** RECORDS PROVIDED **
----

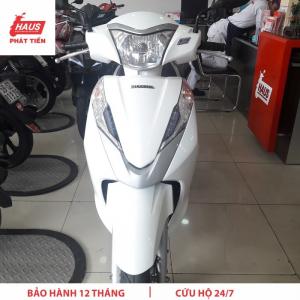Bán xe LEAD 2015 màu TRẮNG-NÂU, máy zin, BH 12 tháng, chính chủ, hỗ trợ trả góp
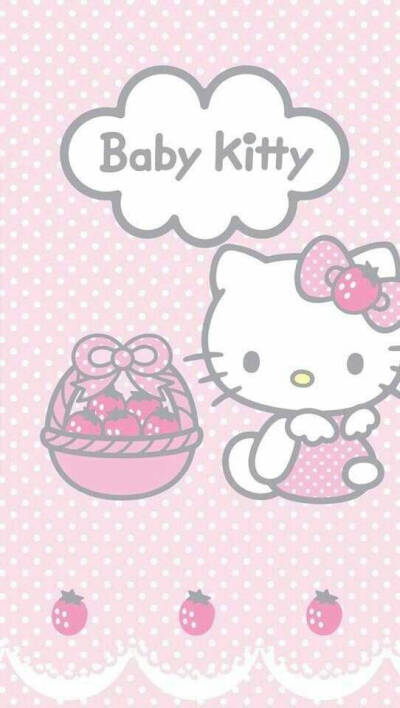 hello kitty壁纸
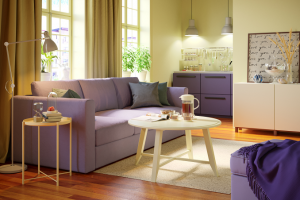 3D визуализация комнаты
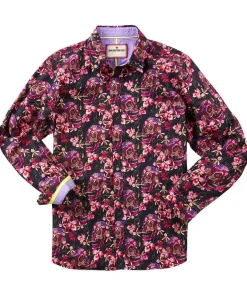 Joe Browns Sensational Skull Shirt- Men's Clothing|Gifts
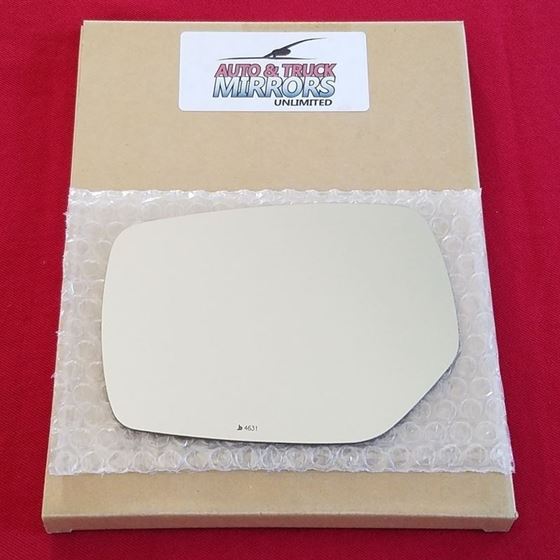 Mirror Glass Replacement + Full Adhesive for 15-3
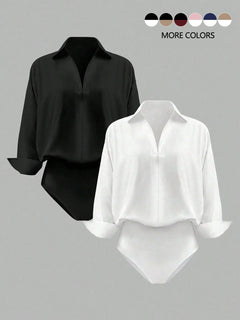 Black and white combination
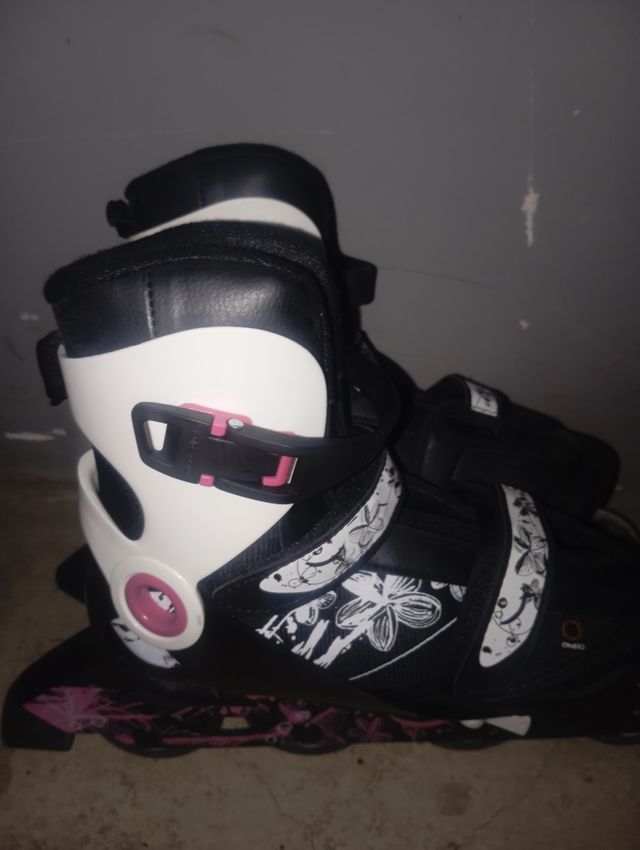 Patines linea oxelo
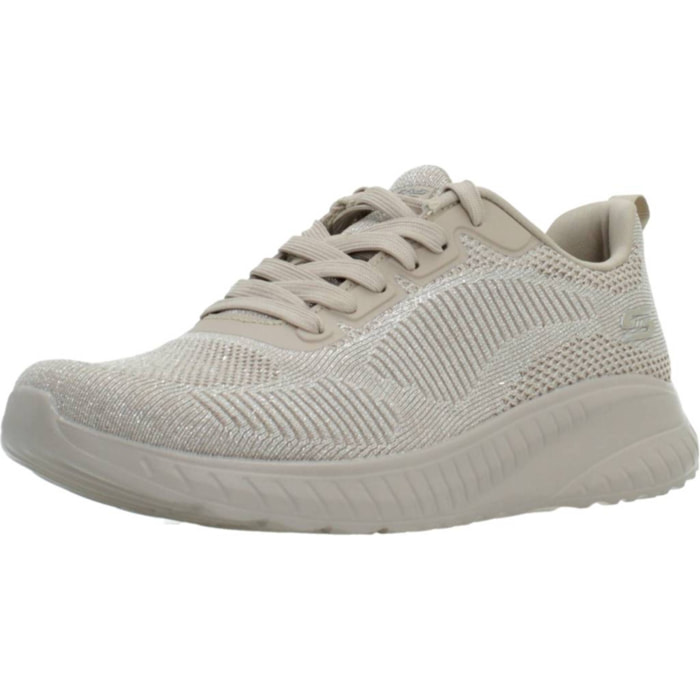 Sneakers de  Mujer de la marca SKECHERS  modelo 117219S Beige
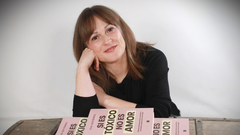Eva Guti�rrez, psic�loga sanitaria especializada en relaciones de pareja, maltrato, trauma y dependencia emocional.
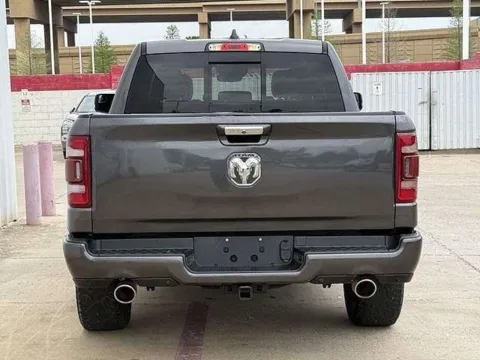 Another view of 2021 Ram 1500 Laramie for sale in Madison, NC at Smart Chevrolet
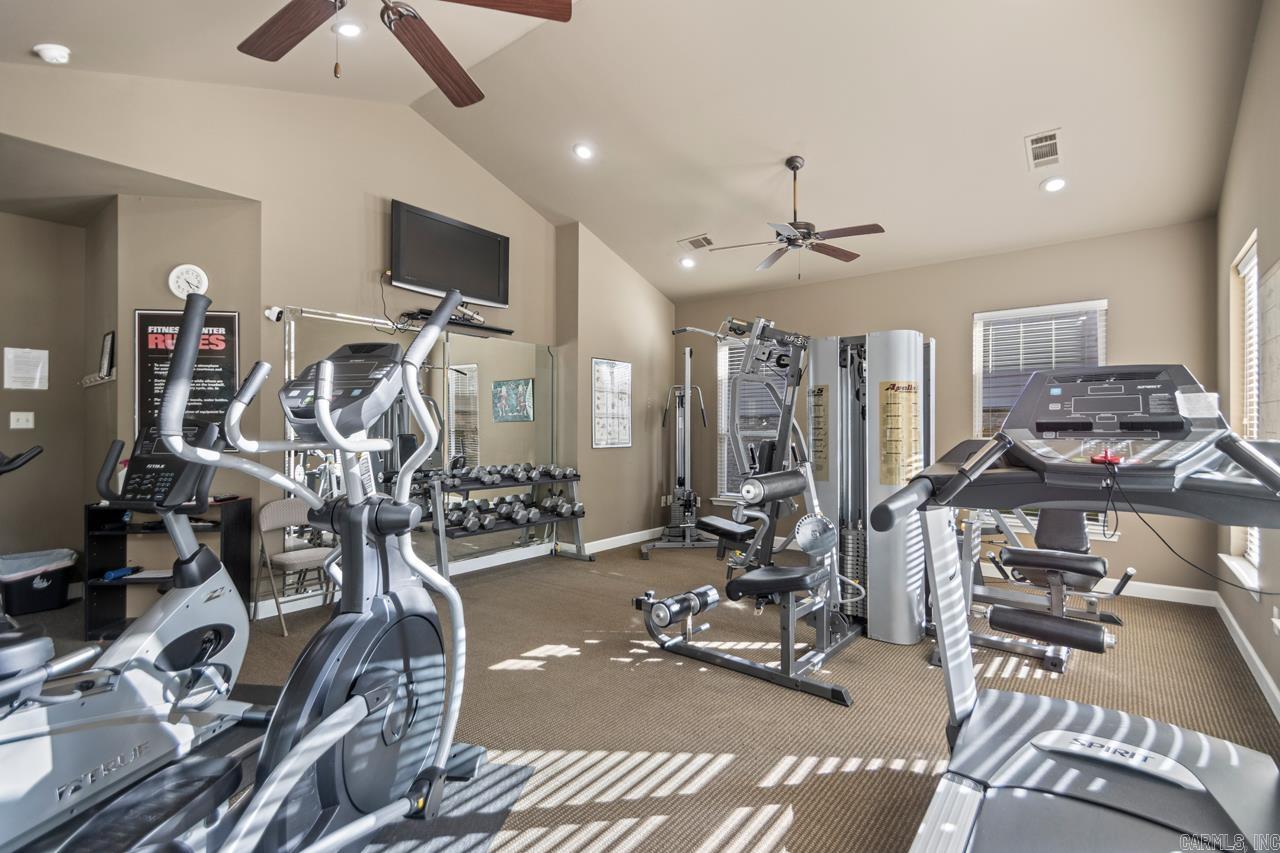 363  Mountain Terrace Circle  Maumelle, AR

----

** EXERCISE AIM **
Produce the data again character for character, with the images left out.

** SOLUTION TO THIS EXERCISE **
Bán xe LEAD 2015 màu TRẮNG-NÂU, máy zin, BH 12 tháng, chính chủ, hỗ trợ trả góp
 hello kitty壁纸
 3D визуализация комнаты
 Joe Browns Sensational Skull Shirt- Men's Clothing|Gifts
 Mirror Glass Replacement + Full Adhesive for 15-3
 Black and white combination
 Patines linea oxelo
 Sneakers de  Mujer de la marca SKECHERS  modelo 117219S Beige
Eva Guti�rrez, psic�loga sanitaria especializada en relaciones de pareja, maltrato, trauma y dependencia emocional.
 Another view of 2021 Ram 1500 Laramie for sale in Madison, NC at Smart Chevrolet
 363  Mountain Terrace Circle  Maumelle, AR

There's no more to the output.